Task description
Please return the data word for word and leave out any picture it contains.

Information supplied
··········

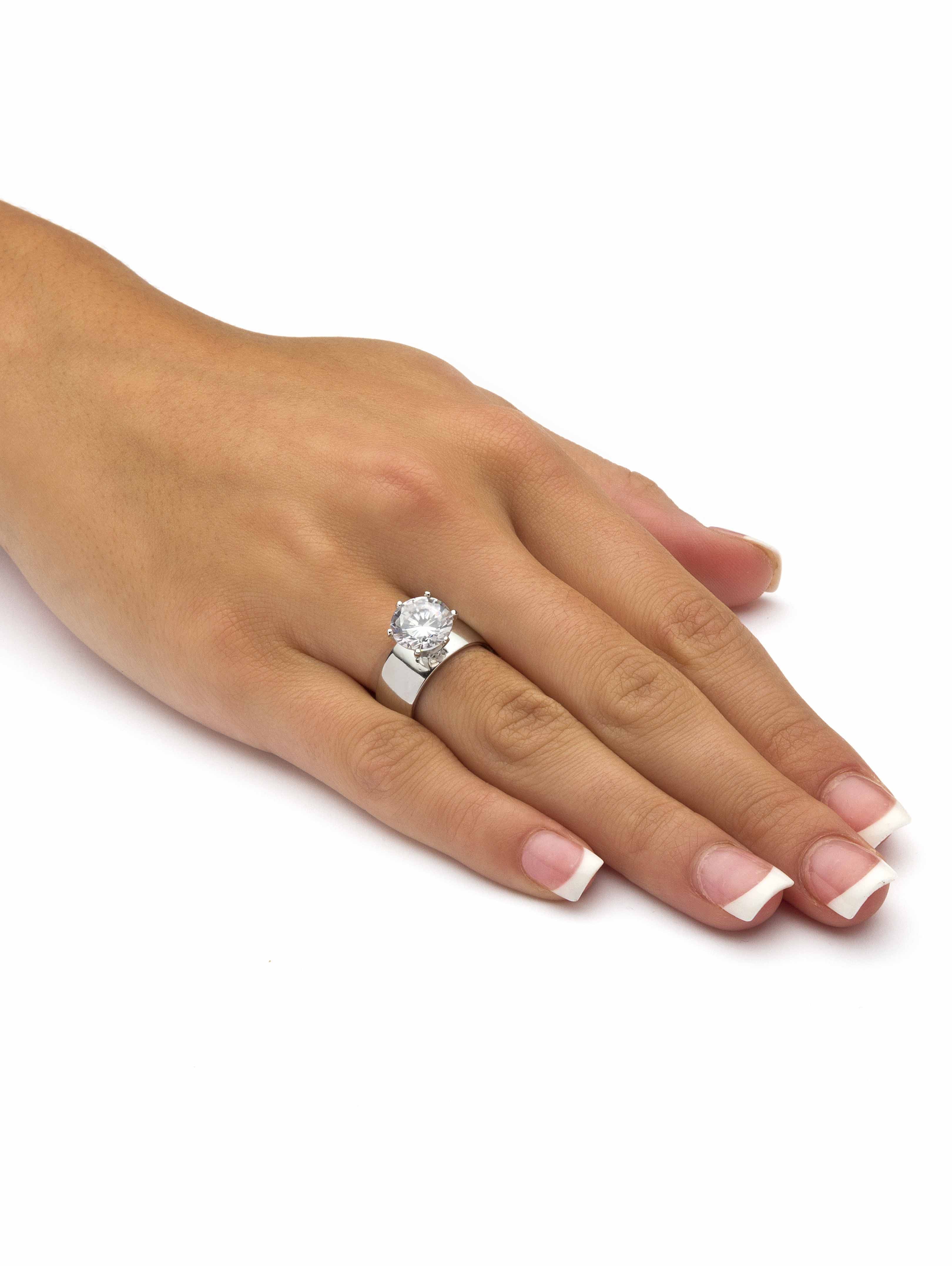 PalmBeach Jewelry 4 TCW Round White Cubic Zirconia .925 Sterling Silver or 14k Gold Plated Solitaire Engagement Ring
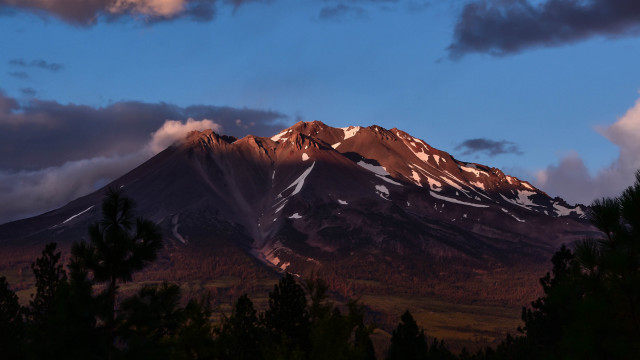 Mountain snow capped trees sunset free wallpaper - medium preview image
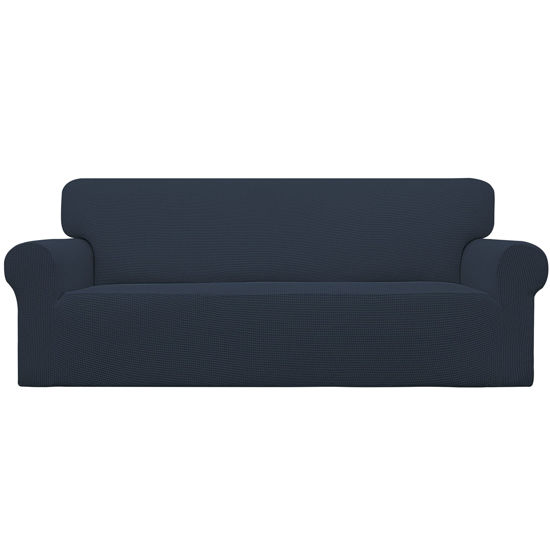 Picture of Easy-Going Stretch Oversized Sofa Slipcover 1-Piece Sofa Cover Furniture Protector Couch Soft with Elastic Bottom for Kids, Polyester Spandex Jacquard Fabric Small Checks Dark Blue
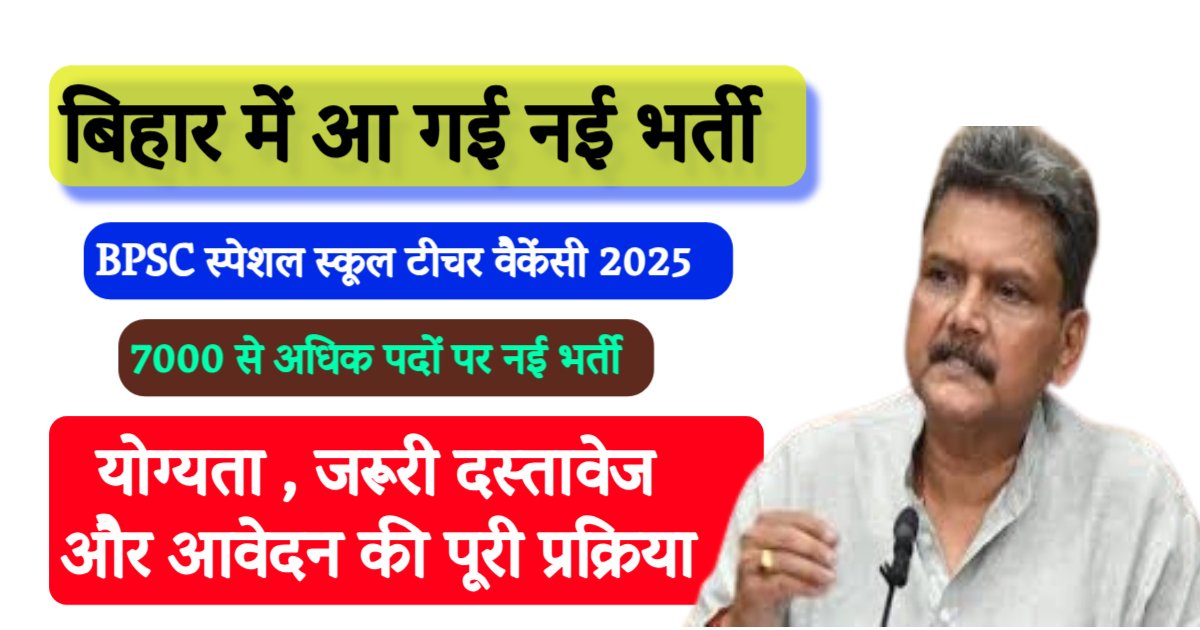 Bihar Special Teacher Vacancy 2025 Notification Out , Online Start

··········

Answer area
 PalmBeach Jewelry 4 TCW Round White Cubic Zirconia .925 Sterling Silver or 14k Gold Plated Solitaire Engagement Ring
 Mountain snow capped trees sunset free wallpaper - medium preview image
 Picture of Easy-Going Stretch Oversized Sofa Slipcover 1-Piece Sofa Cover Furniture Protector Couch Soft with Elastic Bottom for Kids, Polyester Spandex Jacquard Fabric Small Checks Dark Blue
 Bihar Special Teacher Vacancy 2025 Notification Out , Online Start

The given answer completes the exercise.